現在2021年の第4四半期(2020年末)に設定された高値からの45%下落しています。(図18)に続いて、アドビのフリーキャッシュフロー利回りは3.8%に近づいています(図19)

FCF利回り = フリーキャッシュフロー総額 / 時価総額

フリーキャッシュフロー利回りが大きいということは一株当たりの自由に使えるお金が多い、つまり一株当たりの配当に使えるお金(配当原資)が多いことを意味します。

図16:昨年のアドビの株価
図19:アドビのフリーキャッシュフローの利回りと同業他社

経営見通しと計画値上げ

懸念

  • デジタルメディアの市場は今までのような歴史的な速度で成長し続けることはできないかもしれませんが、アドビのアドレス可能な市場は、消費者市場への参入(Creative Cloud Express製品スイートを介して)およびメタバース(Substance 3DおよびAeroを使用)に拡大しています。どちらも収益の成長を促進するのに役立つはずです。

  • アドビのSubstance3DおよびAero製品は、拡張/仮想現実市場を支配するための厳しい競争に直面しています。

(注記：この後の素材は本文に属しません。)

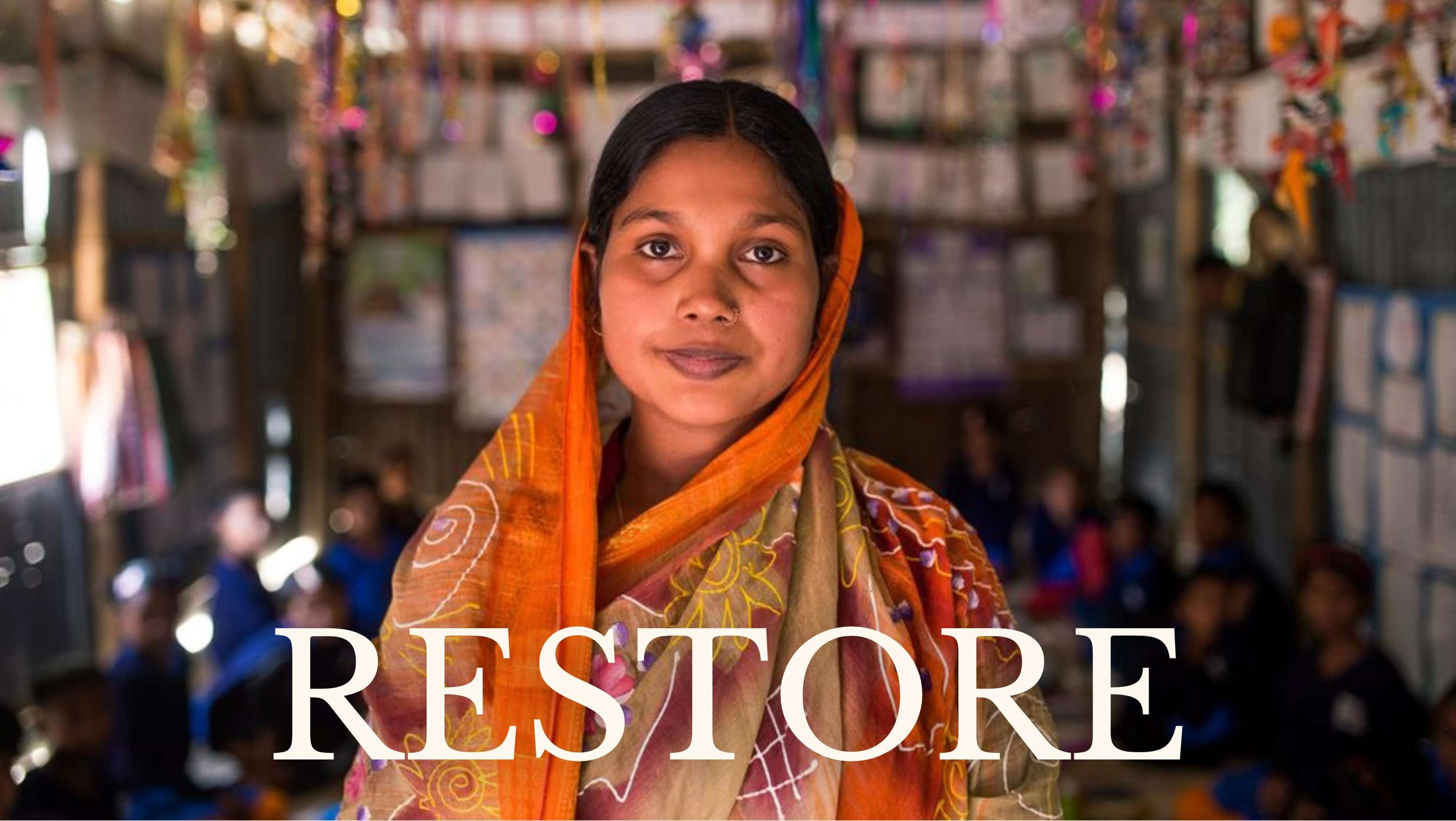 young woman in orange and yellow head scarf looks at camera, restoration human trafficking project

強力な競合他社には、EPIC、Roblox(RBLX)、Meta、Appleなどがあります。

過去10年間で、企業はデジタルメディアを介して顧客とのより強いなつながりを構築することが不可欠になりました。

アドビは、オンラインコンテンツクリエーターが顧客に優れた高品質のデジタル体験と効果的なコミュニケーションを提供できるようにするツールを提供することにより、最大の企業の1つに成長しました。

同社は強力な営業レバレッジを備えた魅力的なソフトウェア経済学を享受しており、一貫した生産者であり、資本の複合者でもあります。

AdobeのExperienceCloudセグメントの成長、手頃な価格のCreative Cloud Express愛好家ツール、AeroおよびSubstance 3-D製品のライン、および2022年第2四半期に開始される計画された値上げにより、継続的な収益の増加が促進されるはずです。

アドビの収益成長の鈍化とFRBの利上げによる株価の下落は、adobeの財務指標から考察すると「下がりすぎ」である可能性があり、投資家に潜在的に魅力的な購入機会を提供しています。

ウォール街の32人アナリストは現在、ADBEの価格目標を発表しています。平均して、ADBEの株価は559.37ドルに達すると予想されています。